Genetic architecture of hemoglobin F control

Purpose of review Much effort has been spent on understanding the regulation of fetal hemoglobin (HbF, alpha(2)gamma(2)) production and its reactivation in adults, as elevated HbF levels are correlated with reduced morbidity and mortality in sickle cell anemia and beta thalassemia, diseases that represent a major public health problem. Interindividual HbF variation is largely genetically controlled, but the inheritance patterns are not clear.
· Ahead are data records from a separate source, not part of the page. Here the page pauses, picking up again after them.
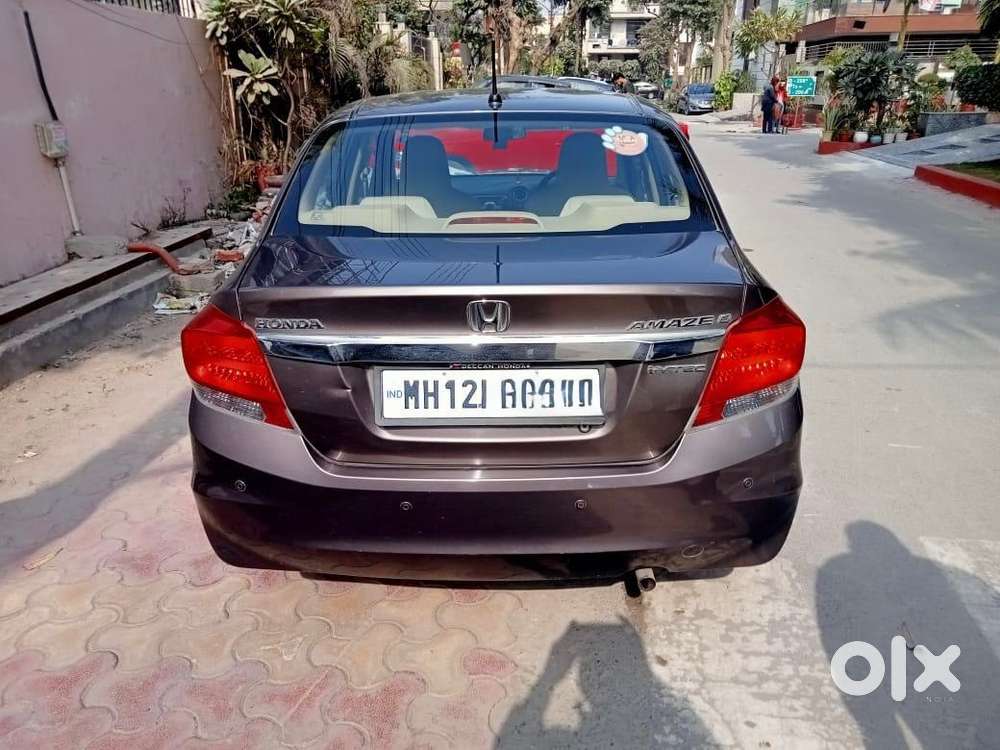 Honda Amaze Petrol 2016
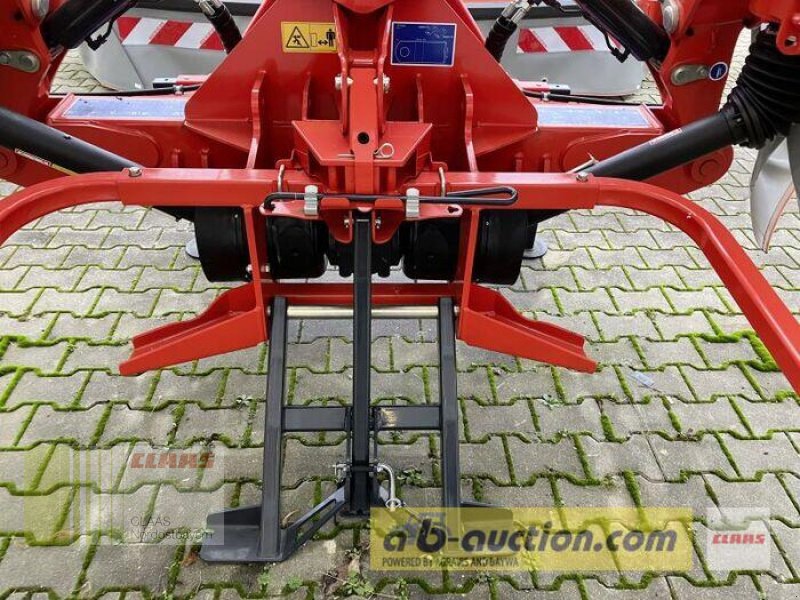 Mähwerk des Typs Kuhn GMD 8730 FF LIFT-CONTROL, Gebrauchtmaschine in Schwend (Bild 11)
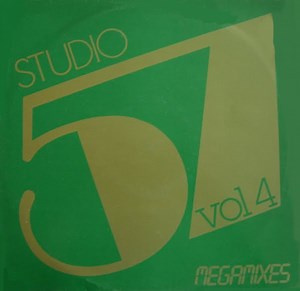 Various - Studio 57 (Megamixes) Vol 4
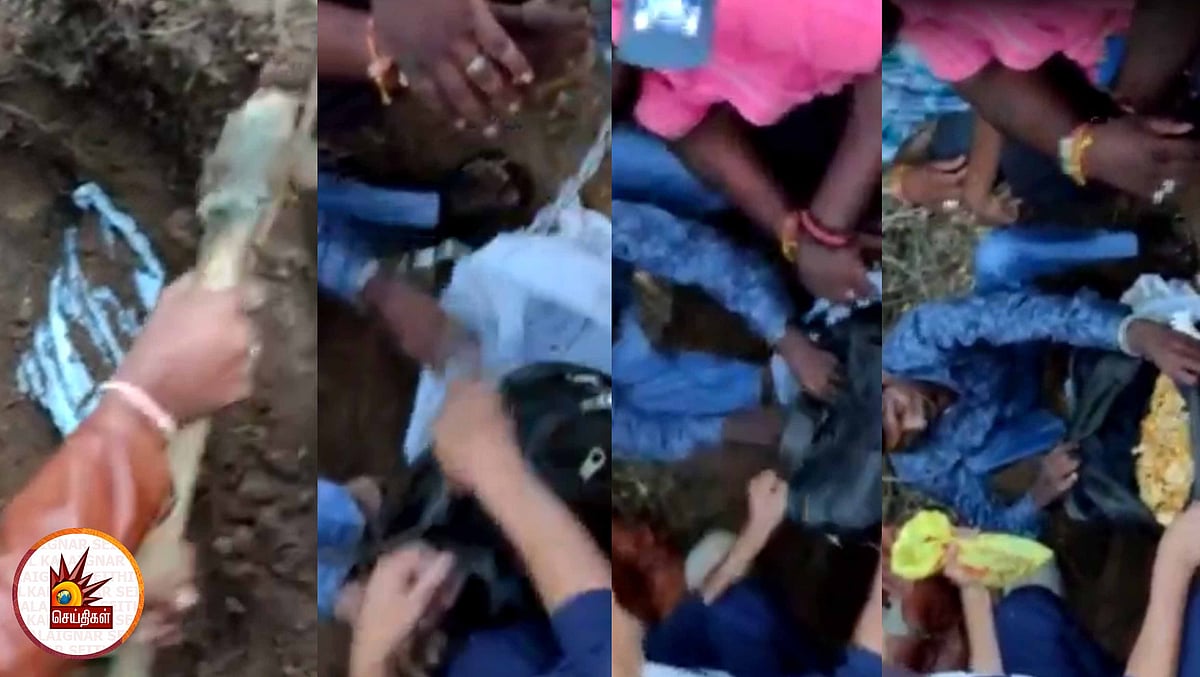 நடுக்காட்டில் திருவாரூர் முருகன் பதுக்கிவைத்த 11 கிலோ தங்கத்தை மீட்டது பெங்களூரு போலிஸ் : பரபரப்பு தகவல்!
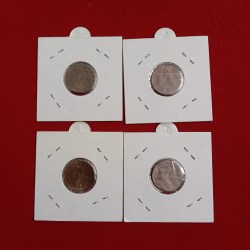 George V King Emperor Bronze 1/12 Anna 1914 Year Calcutta Mint Gem Unc Condition British of India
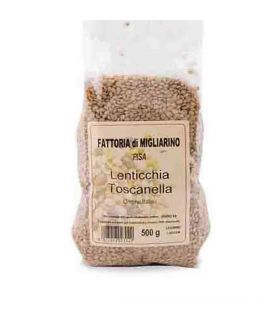 Tuscan lentils
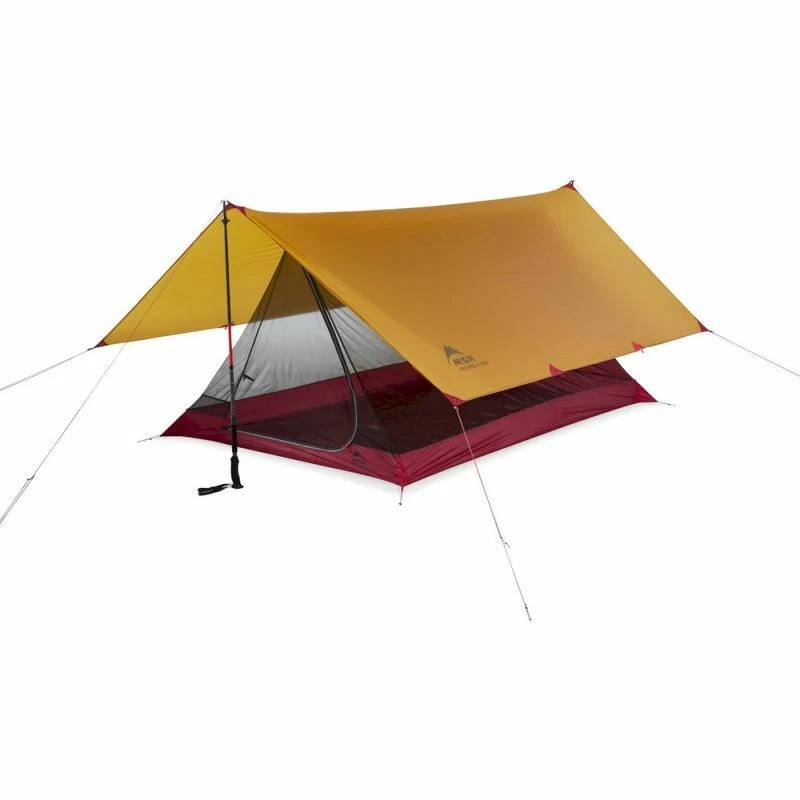 Acheter đ MSR Thru-Hiker 70 Wing V2 - Tarp â â Image 2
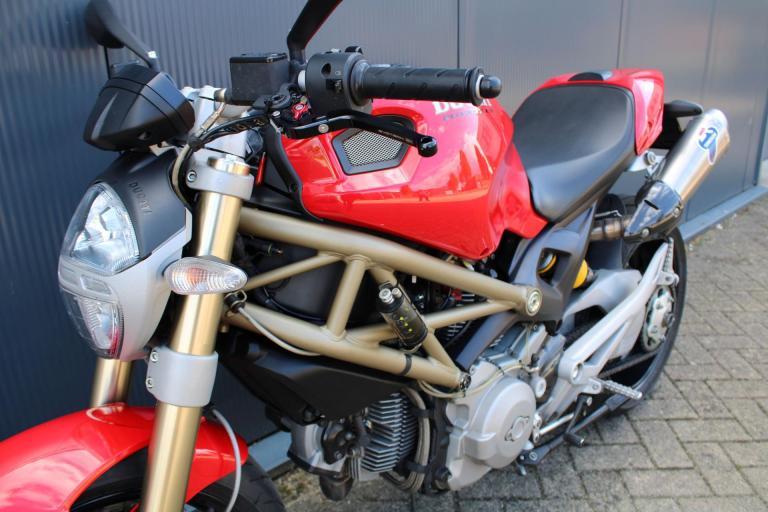 Ducati Monster 796  - 2013 (7)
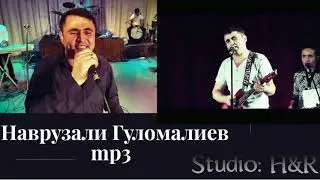 Сборник Памирских песень.  Наврузали Гуломалиев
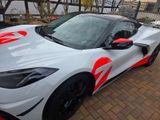 Corvette C8 6.2 -  3 LT Z51 Packet  deut.Modell - Cabrio - Corvette C8 von privat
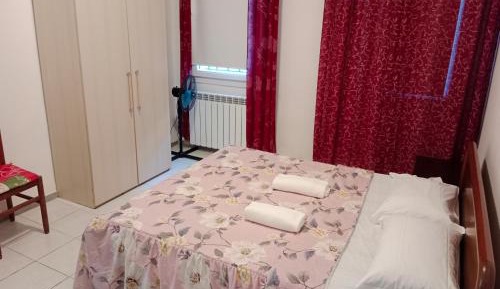 Double Room with Shared Bathroom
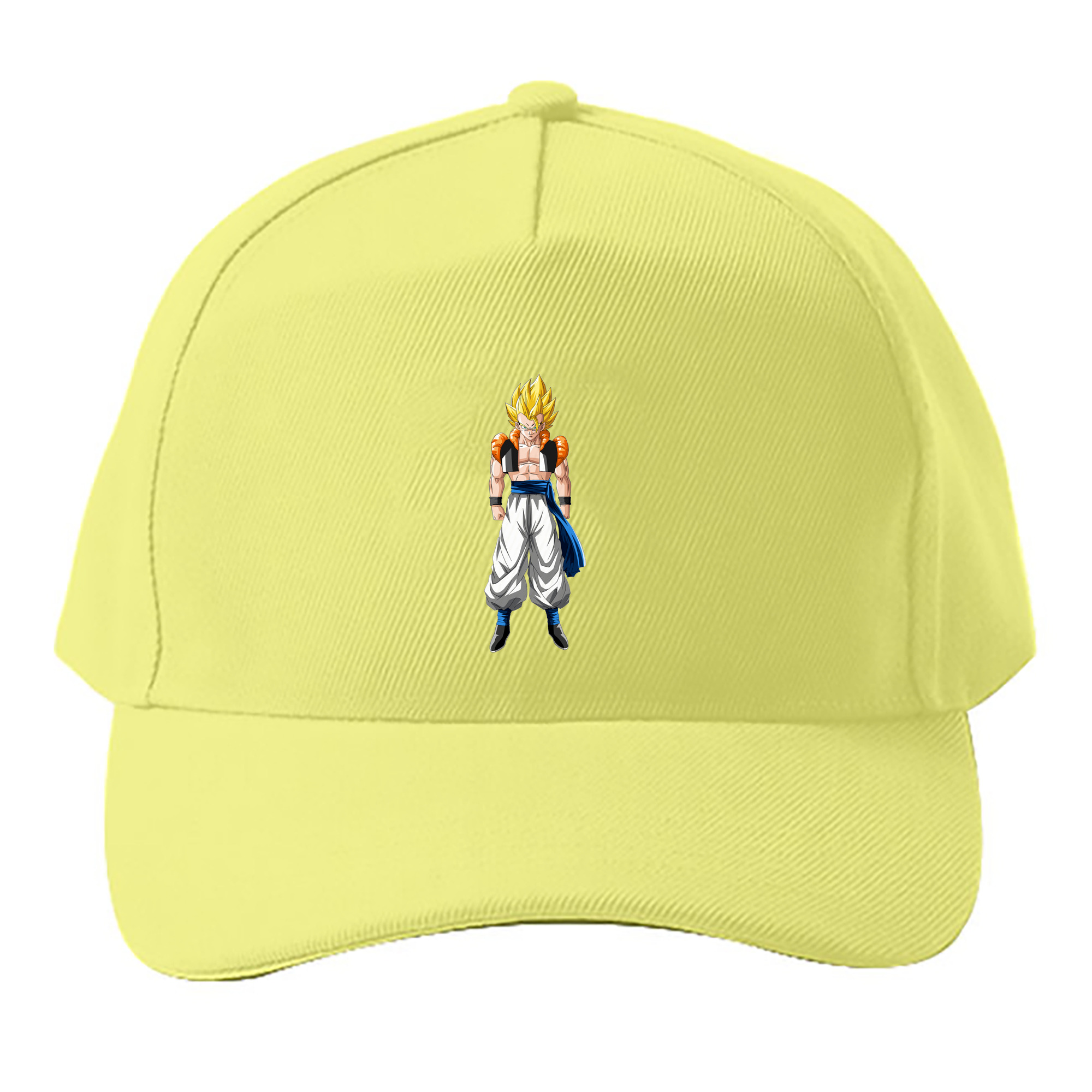 （画像用） ドラゴンボール ベジータ四世（Bejīta Yonsei）DRAGON BALL Vegeta IV ベースボールキャップ 綿100％ 男女兼用 帽子 スポーツ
Recent findings HbF persistence, measured either as percentage HbF or as percentage F cells, is increasingly understood as a quantitative genetic trait; multiple genes together with an environmental component determine the measured value in any given individual. Recent genome-wide studies have shown that common genetic polymorphisms account for a large proportion of the common variation in HbF levels, not only in healthy adults but also in patients with these beta hemoglobinopathies. Genetic variation at only three major loci (Xmn1-HBG2, HBS1L-MYB intergenic region on chromosome 6q23 and BCL11A on chromosome 2p16) account for a relatively large proportion (20-50%) of the phenotypic variation in HbF levels. Two of the major quantitative trait loci include oncogenes emphasizing the importance of cell proliferation and differentiation as an important contribution to the HbF phenotype. Summary The review traces our progress in the understanding of HbF persistence in adults as a quantitative trait and the changing genetic methodology that has helped in the dissection of the genetic architecture underlying HbF variability. We also speculate on the plausible mechanisms underlying the increased HbF production.